There is a problem with place names here. First, II Sam 6:1 calls Kirjath-jearim by its old Canaanite name, Baale-judah. Kirjath- jearim is called Kirjah-baal or Kirjath-jearim in Josh 15:60. It is also called Baalah in Josh 15:9 and I Chron 13:6. The KJV also mentions Gibeah at Kirjath-jearim. Consulting a good Bible atlas shows that the two cities have separate locations. A possible explanation is that "gibeah" means "hill" and it is so translated in the ASV and NIV. Apparently Abinadab's house was in a hill in a high place in Kirjath-jearim.

The difficulty of the ark being 20 years at Kirjath-jearim seems to have been glossed over by Keil and Delitzsch (K&D). They accommodate the 20 years of I Sam 7:2 by allowing it to be the time that the ark stayed in Kirjath-jearim until the battle of Ebenezer (I Sam 7:12). I can find no reason whatever to take the 20 years to be from Eli until that battle. The ark is not mentioned in connection with that battle nor does I Sam 7 say anything about the ark residing in Kirjath-jearim until a battle. In fact we find it there still in the house of Abinadab over a hundred years later (II Sam 6:3).

How then can this 20 years be explained? Unless one accepts the explanation of K&D, it appears that the number "20" is corrupted. It cannot be correct since it cannot be harmonized with the chronology of that period.

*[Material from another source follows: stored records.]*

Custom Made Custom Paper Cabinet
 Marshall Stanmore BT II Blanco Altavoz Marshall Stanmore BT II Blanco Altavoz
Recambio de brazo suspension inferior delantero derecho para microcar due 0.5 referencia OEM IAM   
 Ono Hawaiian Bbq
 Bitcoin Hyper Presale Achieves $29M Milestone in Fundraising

If we look at I Sam 6:19, we can gain some insight into the problems with Hebrew numbers. That passage is variously rendered 50,070 or 70. There are other similar problems with the Hebrew text involving numbers as Hebrew numbers are a source of numerous textual problems in the OT. In the Masoretic text they are written out in long hand and were transmitted faithfully for thousands of years. However, before the rise of the faithful Masorites, there was an earlier period of time when the manuscripts were transmitted by copyists as the need arose and there were people with the interest and money to pay for it. These earliest manuscripts apparently also used an alphabetic method of writing numbers. This earliest method of writing Hebrew numbers is referred to in Unger's Bible Dictionary ("Number", p799). While Unger's Bible Dictionary does not go into any specific detail on the problems with Hebrew numbering it does have one pithy remark which states that because of the alphabetic method of early Hebrew numbering, the numbers were misunderstood by copyists and translators. It is the author's view that the number "20" in the text in I Sam 7:2 was in fact misunderstood and miscopied at some point in its history as it cannot be correct as it stands.

It is the author's firm belief that the scriptures are inspired and inerrant. We must deal with reality, however, and note that there are some problems with the text. I Sam 7:2 appears to be one of them. The other dates in the scriptures combine to provide an accurate and relatively clear picture of this period of the judges. This number, however, is a glaring inconsistency that is not easily reconciled. On the basis of the chronology developed above, it seems a more reasonable reading would be "120".